→ EXERCISE PROMPT
Except for the pictures, reproduce the records word for word.

Image-caption web data
====

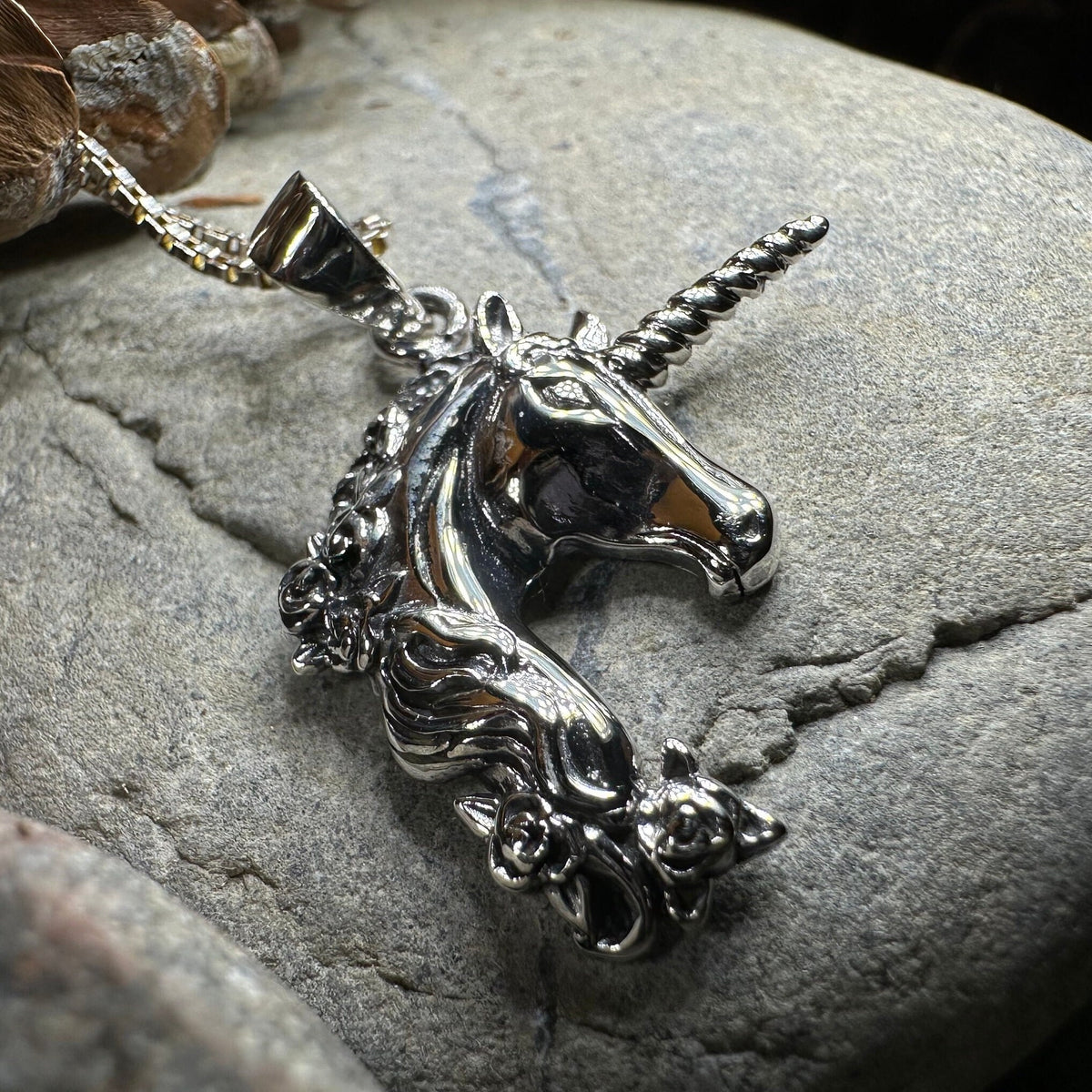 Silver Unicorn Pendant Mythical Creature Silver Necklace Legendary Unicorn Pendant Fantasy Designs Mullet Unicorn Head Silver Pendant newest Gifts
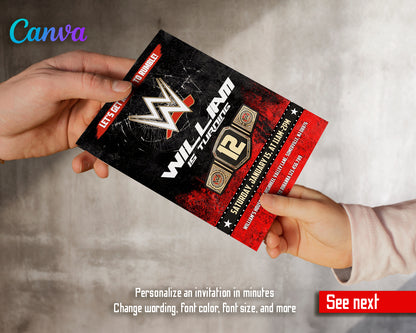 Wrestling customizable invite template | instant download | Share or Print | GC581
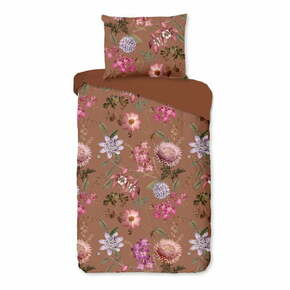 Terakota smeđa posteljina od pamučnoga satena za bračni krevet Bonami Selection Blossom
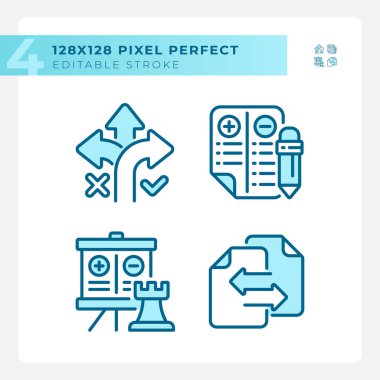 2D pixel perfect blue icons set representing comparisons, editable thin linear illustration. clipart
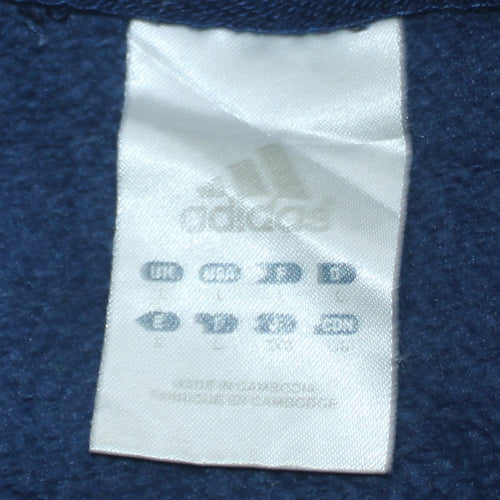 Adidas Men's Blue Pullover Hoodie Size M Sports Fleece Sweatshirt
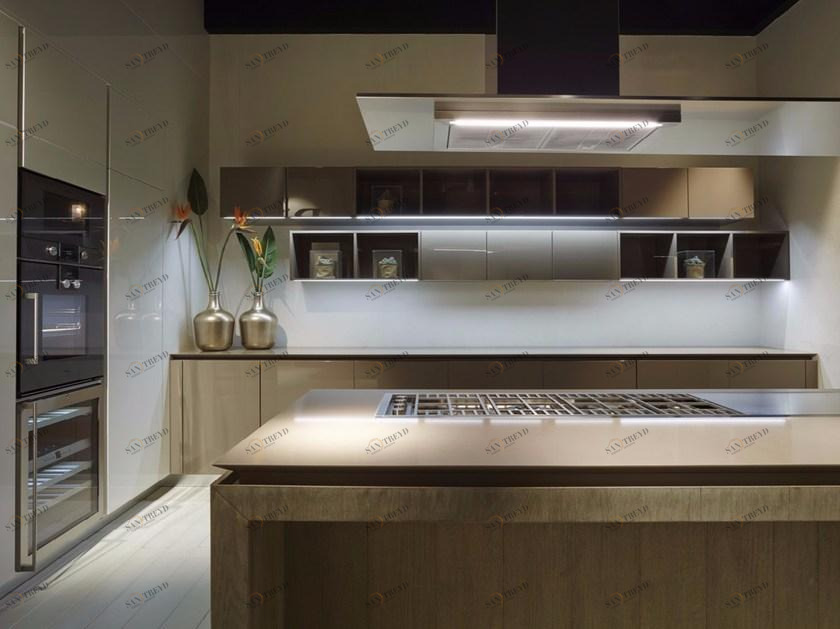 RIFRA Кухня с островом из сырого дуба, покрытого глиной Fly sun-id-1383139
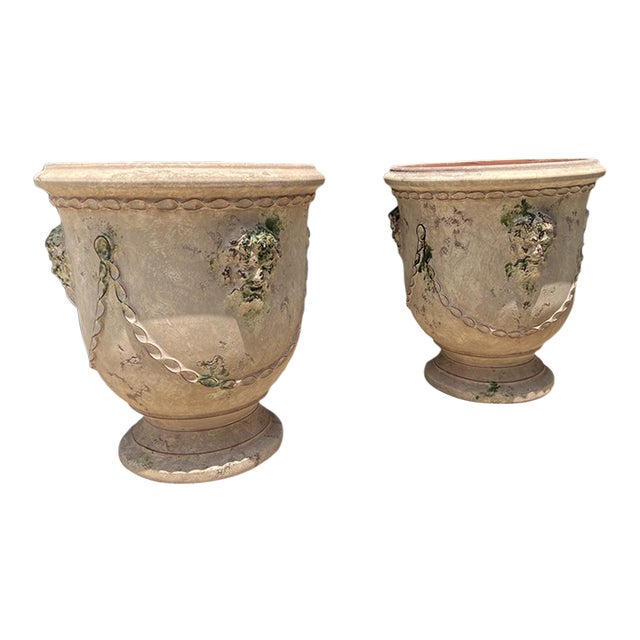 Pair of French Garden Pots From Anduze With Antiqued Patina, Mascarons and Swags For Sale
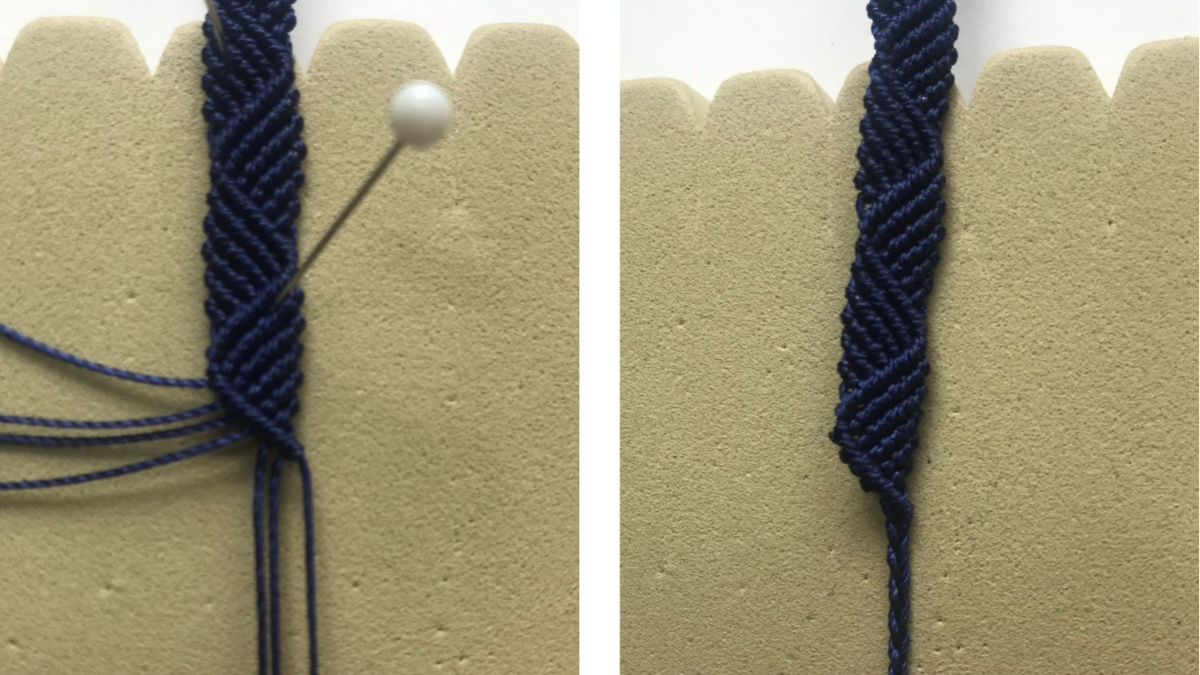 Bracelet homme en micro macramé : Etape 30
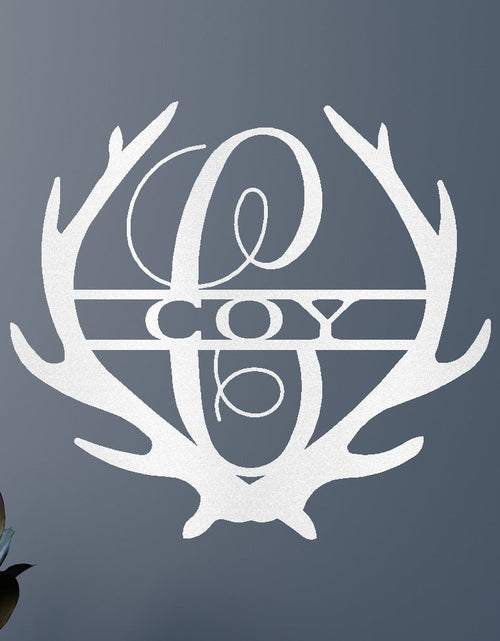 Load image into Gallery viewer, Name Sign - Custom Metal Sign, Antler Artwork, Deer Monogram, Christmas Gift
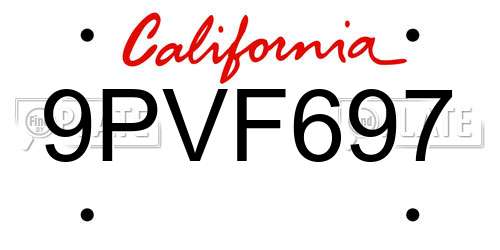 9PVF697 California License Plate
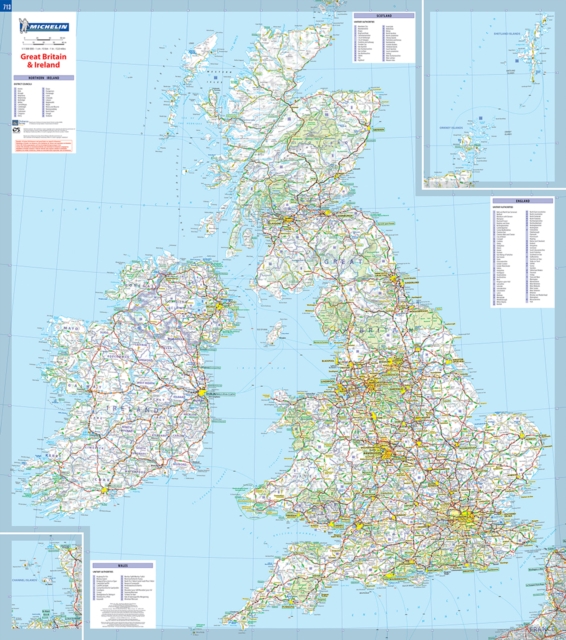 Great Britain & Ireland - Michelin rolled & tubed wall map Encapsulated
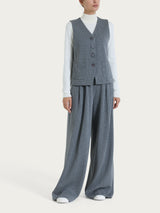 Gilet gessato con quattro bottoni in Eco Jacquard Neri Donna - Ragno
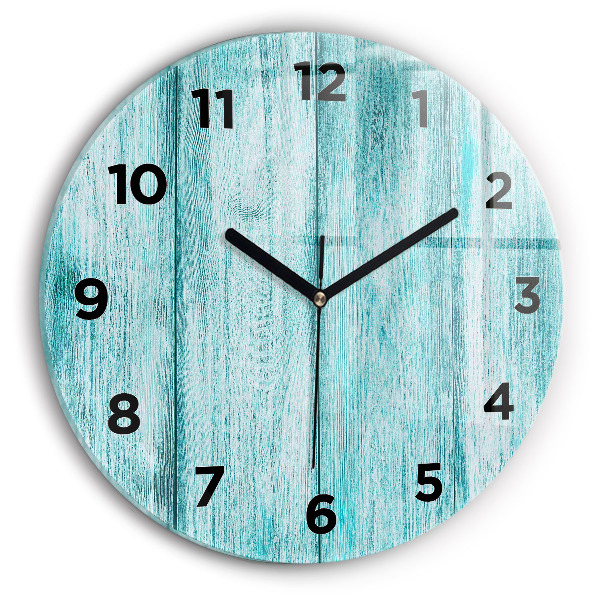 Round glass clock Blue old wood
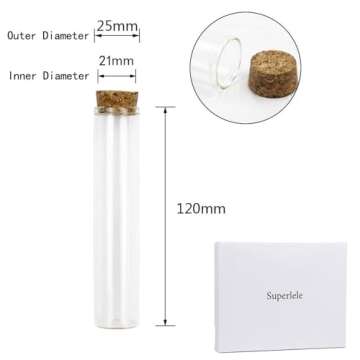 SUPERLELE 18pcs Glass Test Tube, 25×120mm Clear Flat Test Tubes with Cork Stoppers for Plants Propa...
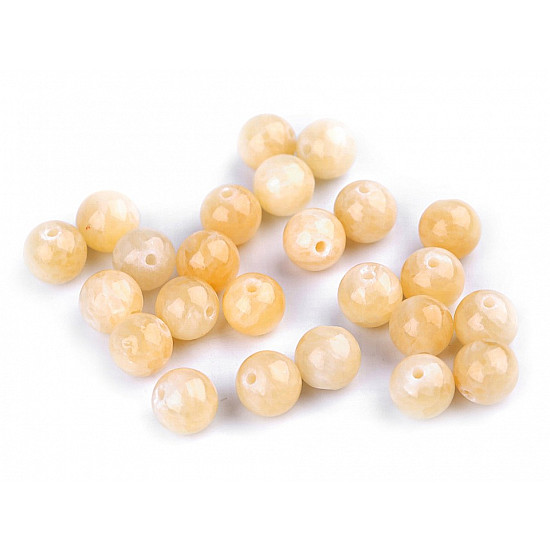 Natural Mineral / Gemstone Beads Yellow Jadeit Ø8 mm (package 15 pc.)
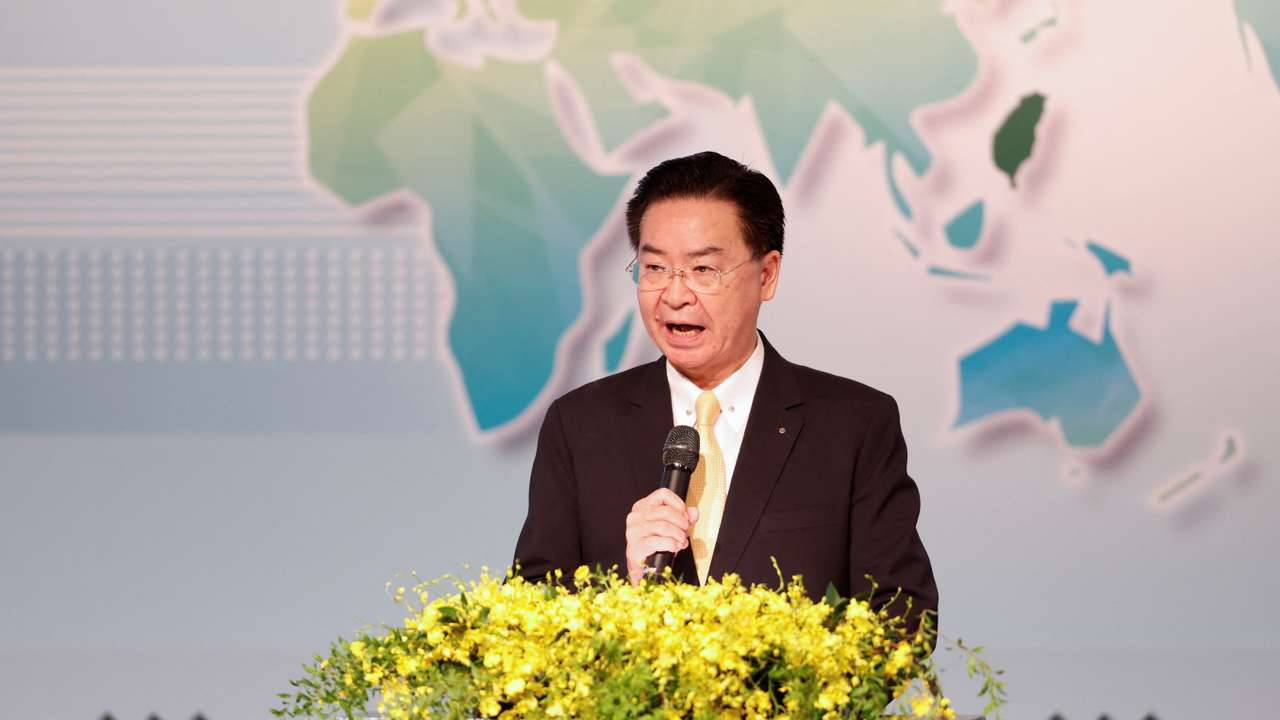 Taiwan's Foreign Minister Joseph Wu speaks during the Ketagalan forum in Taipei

====

→ EXERCISE ANSWER
 Silver Unicorn Pendant Mythical Creature Silver Necklace Legendary Unicorn Pendant Fantasy Designs Mullet Unicorn Head Silver Pendant newest Gifts
 Wrestling customizable invite template | instant download | Share or Print | GC581
 Terakota smeđa posteljina od pamučnoga satena za bračni krevet Bonami Selection Blossom
 2D pixel perfect blue icons set representing comparisons, editable thin linear illustration. clipart
 Adidas Men's Blue Pullover Hoodie Size M Sports Fleece Sweatshirt
 RIFRA Кухня с островом из сырого дуба, покрытого глиной Fly sun-id-1383139
 Pair of French Garden Pots From Anduze With Antiqued Patina, Mascarons and Swags For Sale
 Bracelet homme en micro macramé : Etape 30
 Load image into Gallery viewer, Name Sign - Custom Metal Sign, Antler Artwork, Deer Monogram, Christmas Gift
 9PVF697 California License Plate
 Great Britain & Ireland - Michelin rolled & tubed wall map Encapsulated
 Gilet gessato con quattro bottoni in Eco Jacquard Neri Donna - Ragno
 Round glass clock Blue old wood
 SUPERLELE 18pcs Glass Test Tube, 25×120mm Clear Flat Test Tubes with Cork Stoppers for Plants Propa...
 Natural Mineral / Gemstone Beads Yellow Jadeit Ø8 mm (package 15 pc.)
 Taiwan's Foreign Minister Joseph Wu speaks during the Ketagalan forum in Taipei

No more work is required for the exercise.